# Formula track hubs : loose or sealed?



## Svooterz (Jul 29, 2006)

If you were to buy a set of wheels with Formula track hubs and had the choice between their sealed cartridge hubs OR their loose ball hubs, which would you choose?

I think I'll be ordering a set of wheels from BWW and they offer both options. I think the sealed cartridge ones look cooler (I love the cut-outs in the flanges), but other than that, which of these hubs are the best and why?

P.S. Keep in my that I use my fixie exclusively on the road (no velodrome) and that it is my favorite ride early in the season and in crap weather & that remains the intended use for the BWW wheels.


----------



## sokudo (Dec 22, 2007)

http://www.irocycle.com/wheelshubsandrims.aspx
niobium rims, formula sealed hubs.
pretty indestructible. great wheels for fixie for street use.


----------



## Dave Hickey (Jan 27, 2002)

Sealed....bearings are cheap and easy to replace


----------



## David Loving (Jun 13, 2008)

+1 - sealed - the wave of the future n your very own formula hubs (quite good hubs in fact!)


----------



## FatTireFred (Jan 31, 2005)

sealed without a doubt... when the bearings go replace w/ phil and you'd have a stealthy bad wheelset (provided the rest of the build ia decent)


----------



## Richard (Feb 17, 2006)

While there are some great "loose bearing" hubs out there (DuraAce and Campy come to mind), the Formula sealed are better hubs than the less expensive non-sealed units.

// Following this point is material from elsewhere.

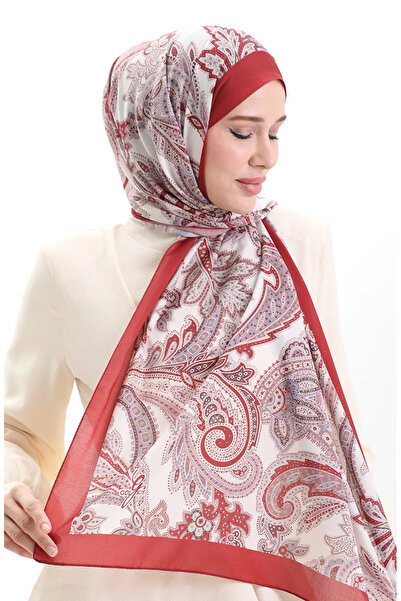 sefamerve Μαλακό σάλι με έθνικ σχέδιο 70296-18 Πλακάκι λιλά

In fact, you'd have to spend a lot more money to get a better SS/fixed sealed bearing hubset.


----------



## waldo425 (Sep 22, 2008)

Sealed all the way. They last longer and hold up to rain better; and when they do crap out they are easy to replace and you don't need to worry about the bearing surfaces.


----------



## seeborough (Feb 3, 2004)

Dave Hickey said:


> Sealed....bearings are cheap and *easy* to replace


Sealed. I had to replace the drive side bearing on my rear and got one from the local electric motor place. 

That was easy.


----------